* **EXERCISE REQUIREMENTS**
An exact copy of all the data, minus the images, is required.

* **DATA EXCERPT**
*** Block opens ***

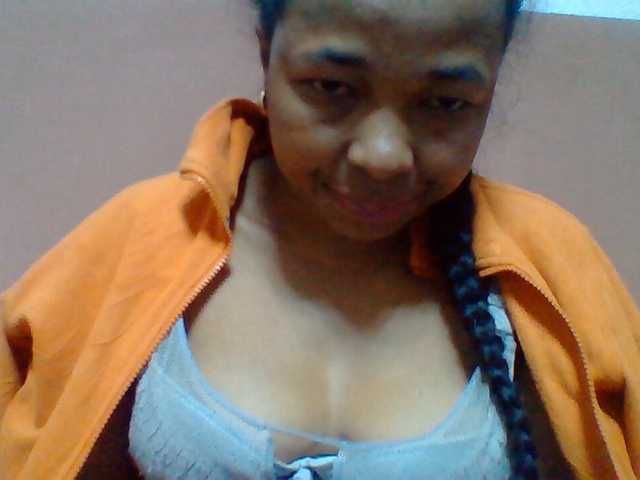 Tryciah1a live cam on BongaCams
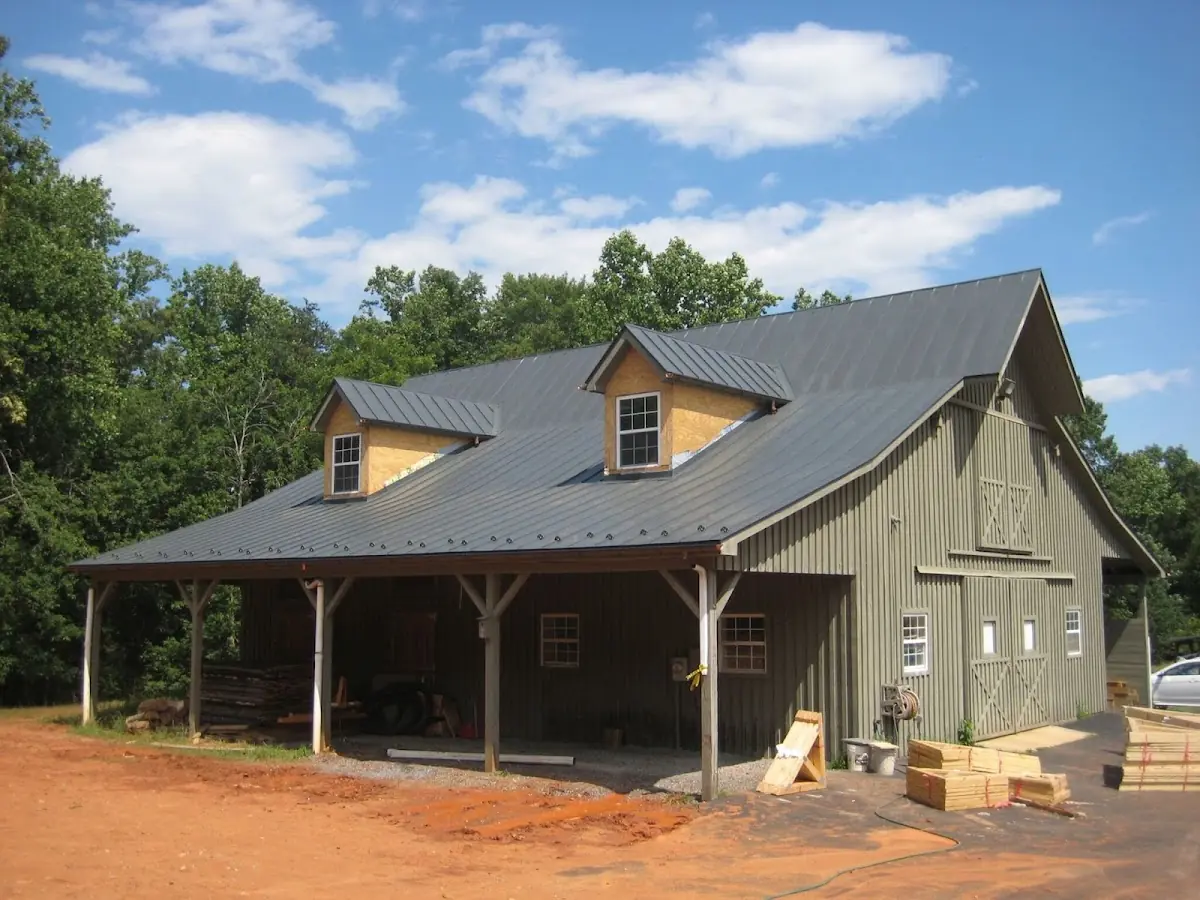 Expert Asphalt Roof Repair workmanship in Victoria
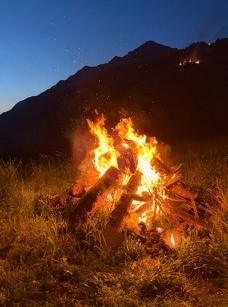 Sonnwendfeuer-Rudolfshoehe.jpg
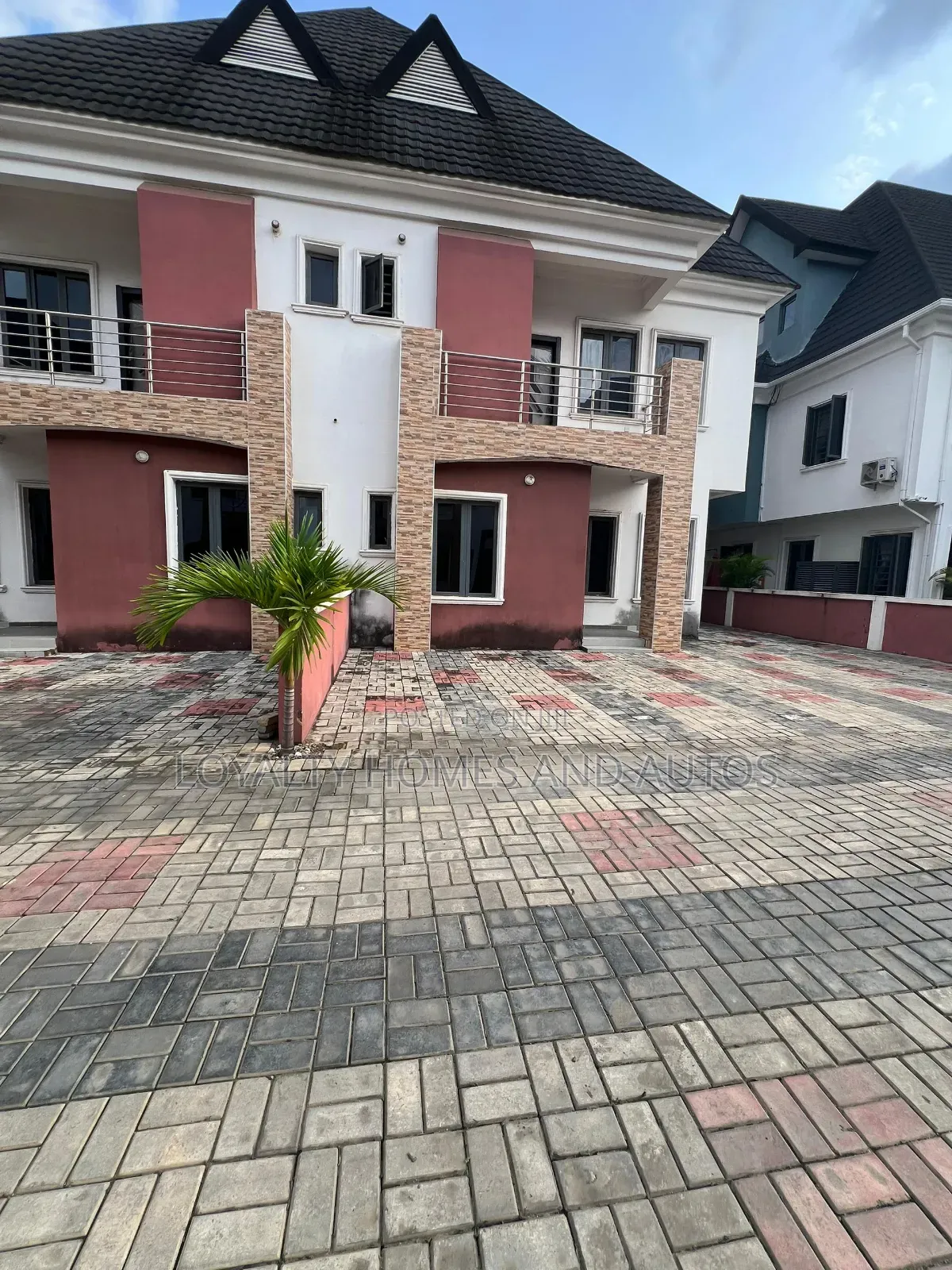 4bdrm Duplex in A Mini Estate By for sale in Ikeja GRA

*** Block closes ***

* **EXERCISE ANSWER**
 Tryciah1a live cam on BongaCams
 Expert Asphalt Roof Repair workmanship in Victoria
 Sonnwendfeuer-Rudolfshoehe.jpg
 4bdrm Duplex in A Mini Estate By for sale in Ikeja GRA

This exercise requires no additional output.